**Problem requirements**
When you write out the listing, keep each word exactly as it stands but include none of its images.

**Dataset entries**
__________________________________________________

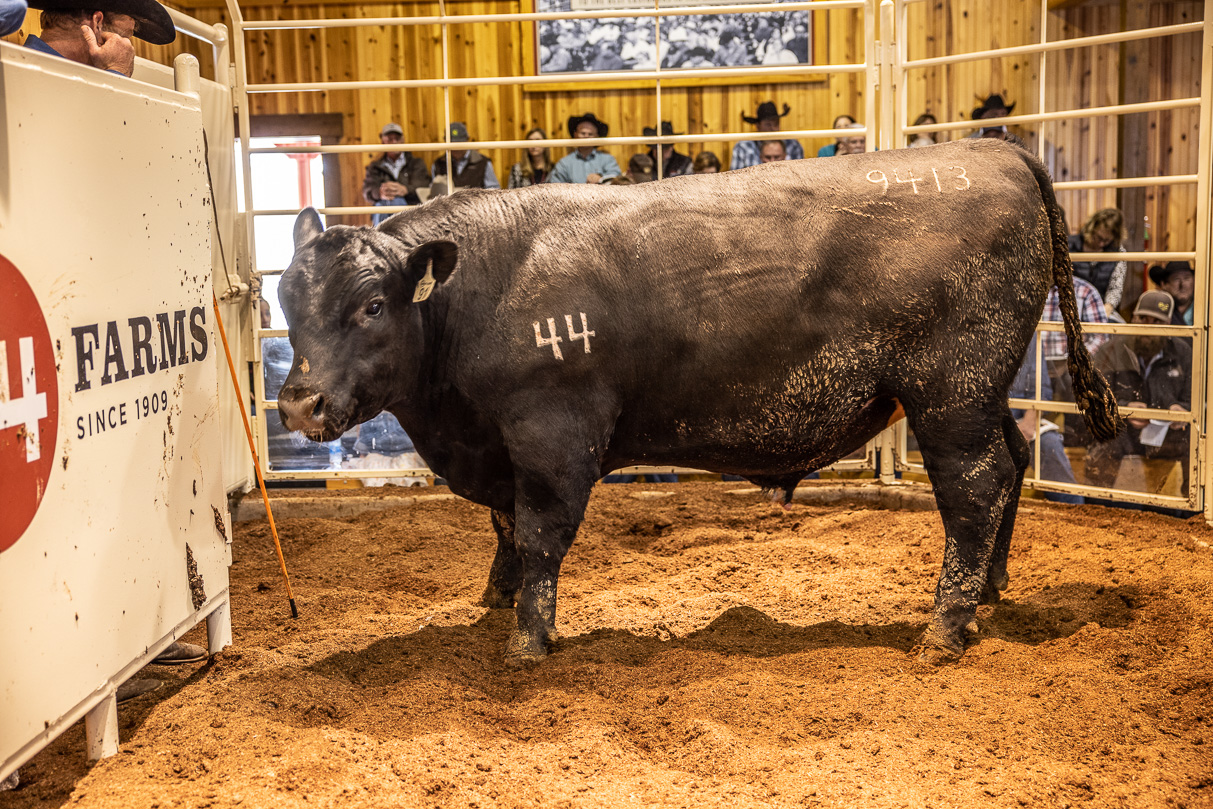 44Farms_Cameron_BullSale_Feb2021-517759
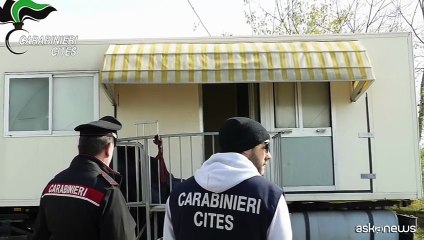 Carabinieri trovano leone marino "parcheggiato" in un piazzale
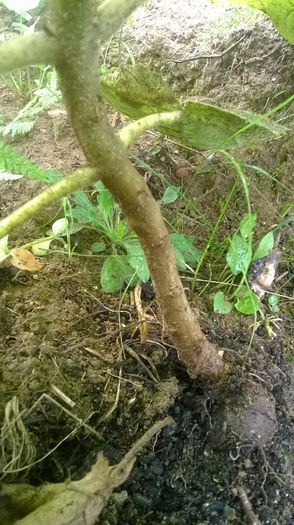 WP_20140824_026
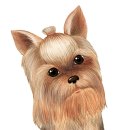 따라 애견학교 이미지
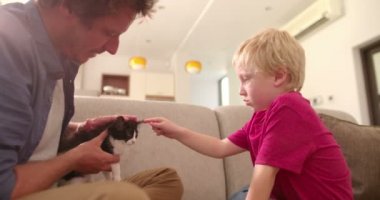 Kedi evlat için evde beslenen hayvan kanepede tutan baba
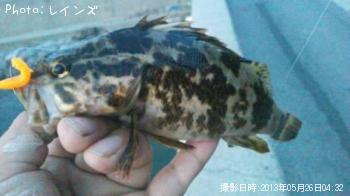 ¥¿¥±¥Î¥³¥á¥Ð¥ë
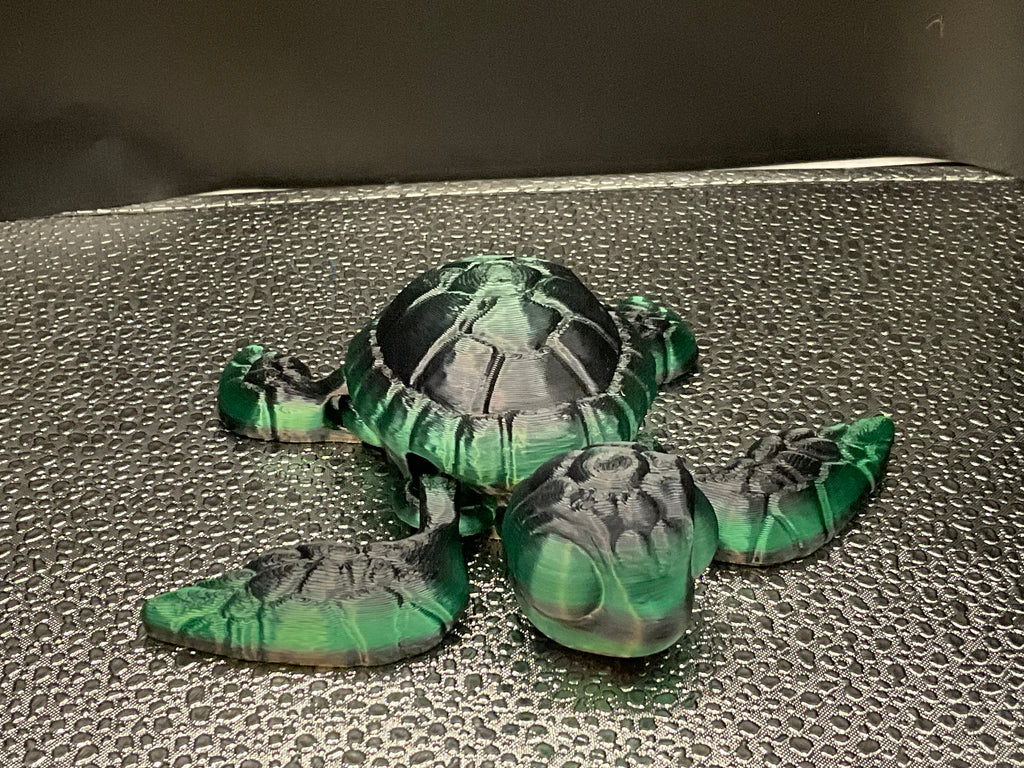 Sea Turtles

__________________________________________________

**Answer to the exercise**
 44Farms_Cameron_BullSale_Feb2021-517759
 Carabinieri trovano leone marino "parcheggiato" in un piazzale
 WP_20140824_026
 따라 애견학교 이미지
 Kedi evlat için evde beslenen hayvan kanepede tutan baba
 ¥¿¥±¥Î¥³¥á¥Ð¥ë
 Sea Turtles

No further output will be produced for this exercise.